Play Video
Utilizing Apache Pulsar and Apache NiFi we can parse any document in real-time at scale. We receive a lot of documents via cloud storage, email, social channels and internal document stores. We want to make all the content and metadata to Apache Solr for categorization, full text search, optimization and combination with other datastores. We will not only stream documents, but all REST feeds, logs and IoT data. Once data is produced to Pulsar topics it can instantly be ingested to Solr through Pulsar Solr Sink.
Utilizing a number of open source tools, we have created a real-time scalable any document parsing data flow. We use Apache Tika for Document Processing with real-time language detection, natural language processing with Apache OpenNLP, Sentiment Analysis with Stanford CoreNLP, Spacy and TextBlob. We will walk everyone through creating
an open source flow of documents utilizing Apache NiFi as our integration engine. We can convert PDF, Excel and Word to HTML and/or text. We can also extract the text to apply sentiment analysis and NLP categorization to generate additional metadata about our documents. We also will extract and parse images that if they contain text we can extract with TensorFlow and Tesseract.
Intended Audience
Data Engineers, Search Engineers, Programmers, Analysts, Data Scientists, Operators
Attendee Takeaway
You will learn how to use open source streaming to sink data at scale to Solr.
Speaker
Timothy Spann, Developer Advocate, StreamNative
[Timothy Spann]
Hi, I’m Timothy Spann. Today, I’m gonna be talking to you about real-time cloud native open source streaming, any data to Apache Solr.
Let’s get started. I’m a developer advocate working in the open source, mostly around Apache projects, mainly Apache Pulsar, as well as Apache Flink, Apache NiFi, and some other of those great open source projects. I post a lot of example code, applications, as well as articles, videos at the link shown. And we’ll make sure that you get these slides after the conference.
Today, I’m gonna be talking about two primary open source tools that help you feed data into your Solr instance, whether that’s in the cloud or in a small cluster. I’m running it today in Docker. What’s nice with Solr is you can put it wherever you need to, and I’ll show you some of the other tools that make processing things like documents or REST feeds, log data, IoT data, pretty straight forward. It’s not that complex. I call my set of tools that I work with the FLiP Stack. Just lets it sound kind of cool to me and just lets people know, you know, what tools we’re using. Apache Flink and Pulsar work really well together. And there’s a number of other Apache projects out there like NiFi, like Tika, that really work well together. And obviously they work well for open source data sources and syncs like Solr.

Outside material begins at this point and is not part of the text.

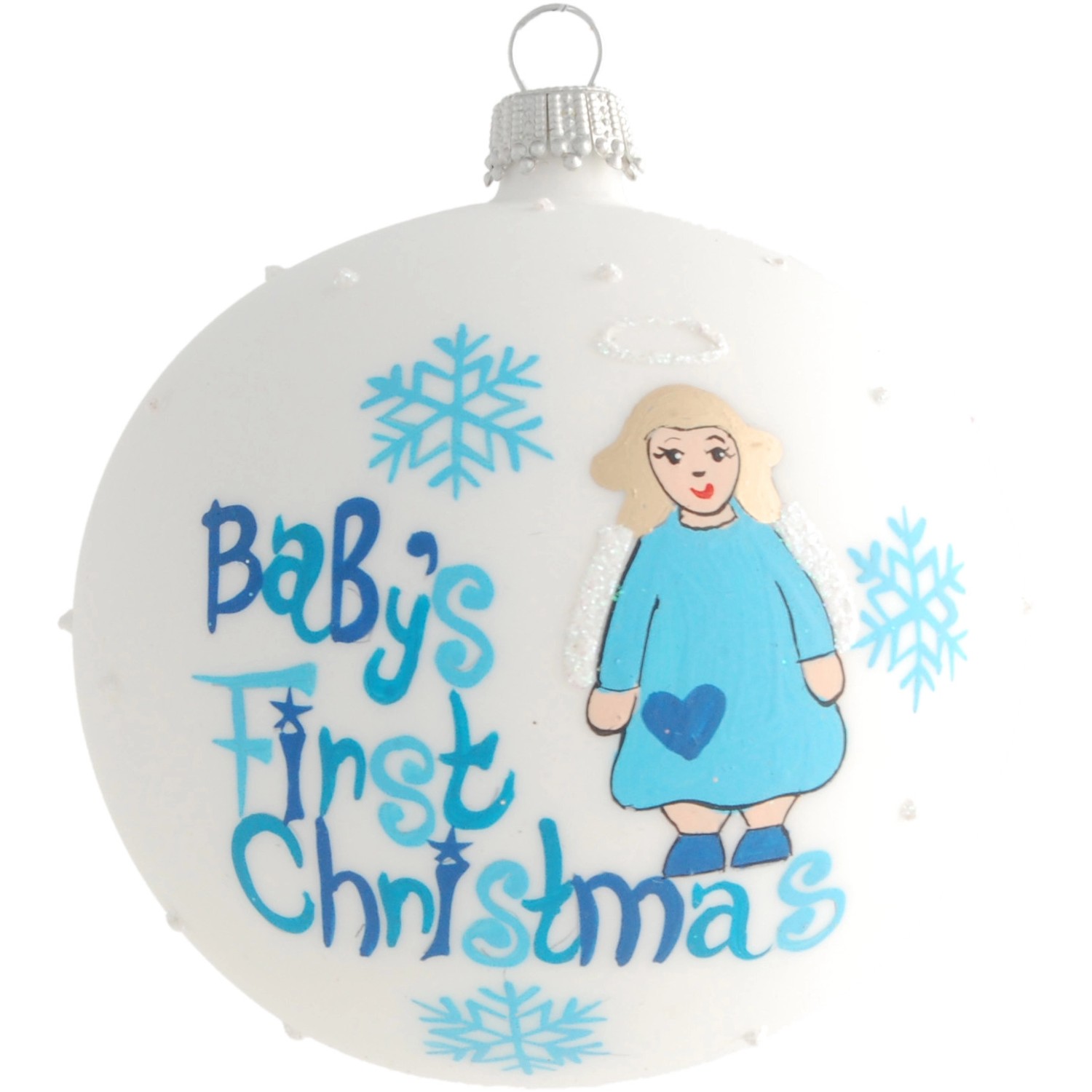 Krebs Glas Lauscha Baby-Weihnachtskugel Junge 1-tlg. 8cm Krebs Glas Lauscha Baby-Weihnachtskugel Junge 1-tlg. 8cm von Krebs Glas Lauscha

So today I want to give you a little an idea of what’s in this pipeline. So I’ve got a couple of different sources of data. I’ve got IoT data. I’ve got some cloud status data. A couple of different feeds, but what’s nice is with the tools we’re using, you have a ton of different sources you could use, and I’ll show you some getting fed into Solr through NiFi. Some of them being read natively by Pulsar, and Pulsar acting as a sync to Solr and NiFi acting as a sync to Solr.
What’s nice is there’s a couple of different ways to do it. A great feature of the open source. Makes it really easy as well. Again, a little drilling down on that a little more. Now today, the sources of data are JSON and text, and they could also be things like PDFs, MongoDB, different big data sources, cloud data. What’s nice is with the set of open source tools we have here, it doesn’t really matter. I’m also using Apache OpenNLP to analyze some of that data. One of my sources of data is a directory of some of my presentations. So it’s looking at PowerPoints and PDFs and pulling out the text with Tika and making it available so I can put it into Solr so I can easily search and use it for other applications. Great feature there. I could also push that data to any of the different cloud syncs there. So it can be used for any kind of analytics or applications that you might need or mobile apps. You know, you get the idea.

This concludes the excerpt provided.